After fleeing civil unrest in their hometown of Tbilisi, Georgia, Paata and Irina Tsikurishvili came to D.C. and formed Synetic Theater, a physical-theater troupe that draws on Paata’s training as an actor and Irina’s background in ballet. In 2002, Synetic staged its first production, a wordless version of one of Shakespeare’s greatest works. “Hamlet … the rest is silence” was such a huge hit, no one could stop talking about it. Since then, the Tsikurishvilis have produced more than 75 plays. The married couple now live happily ever after in Gainesville, Va., but, as you can see from their D.C. dream day, they still miss the tastes of their homeland.

Paata: If I have a day off, I get up early to fish. We have a lake near our house — Lake Manassas — and there is a lot of park area around here. Where Seneca [Creek] is hitting the Potomac River — in that corner, that’s a good spot for outdoor activities, fishing, picnicking. You can catch the fish and cook it right away.

Irina: I like to walk and hike along the river with the dogs. We have two Doberman pinschers, Max and Maka. I used to love to walk with them for hours and hours down the Billy Goat Trail when we lived in Maryland.

Paata: Maybe if we have a day off, we go to the museums. It’s on my list to go see the newly built National Museum of African American History and Culture. Shame on me, I don’t get a chance to see it yet, but it’s definitely on my list. I’ve heard so many good things.
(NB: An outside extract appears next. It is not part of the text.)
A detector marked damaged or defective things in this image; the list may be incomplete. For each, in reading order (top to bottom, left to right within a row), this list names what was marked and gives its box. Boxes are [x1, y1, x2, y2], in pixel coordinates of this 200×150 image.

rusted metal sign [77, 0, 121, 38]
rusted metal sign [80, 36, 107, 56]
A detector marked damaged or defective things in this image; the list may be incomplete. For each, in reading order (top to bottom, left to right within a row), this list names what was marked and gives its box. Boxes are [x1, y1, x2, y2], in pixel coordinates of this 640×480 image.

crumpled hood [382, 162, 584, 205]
Irina: I’d go to The Phillips Collection and see what new exhibit is there.

Paata: I’d go see some theater. Lately, I am most interested in new theaters and new works and out-of-the-box kind of experimental theater, such as Pointless Theatre Co.

Irina: My favorite is the Kennedy Center, because that’s the best place to see international art. I saw a Japanese theater company there, Sankai Juku. It was a long time ago and their performance stays in my head still. I’d like to go to a physical-theater festival, with Familie Flöz from Germany and the Momix dance company.
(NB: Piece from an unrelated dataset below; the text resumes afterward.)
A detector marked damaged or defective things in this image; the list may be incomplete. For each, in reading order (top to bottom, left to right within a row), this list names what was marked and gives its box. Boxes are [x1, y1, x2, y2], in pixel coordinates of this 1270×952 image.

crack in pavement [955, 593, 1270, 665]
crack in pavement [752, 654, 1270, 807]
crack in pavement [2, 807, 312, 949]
Paata: I second all of these. I’d also like to see Sukhishvili; they are a Georgian folk dance company that’s been around nearly 100 years. It lifts you up so much. It’s very exotic, very powerful, and they put onstage no less than 40 dancers. It’s monumental. It’s huge. And it’s on fire.

Paata: We’d have dinner at Supra. It’s D.C.’s first Georgian restaurant — it was recently opened on 11th Street NW. This is the closest taste of my homeland. There’s a huge range of Georgian wine. And the food is amazing there — it’s very authentic.

Irina: My favorite food there is this dumpling — it’s called khinkali. My next favorite is Georgian pizza — it’s called ajaruli. It’s in the shape of a bowl with a lot of cheese, and on top there’s an egg. My favorite wine is the Kindzmarauli. This is a semi-sweet ...

Paata: Semi-dry, actually.

Irina: It’s a wine that’s a little bit of sweet, but in the end it’s dry so it goes well with meat.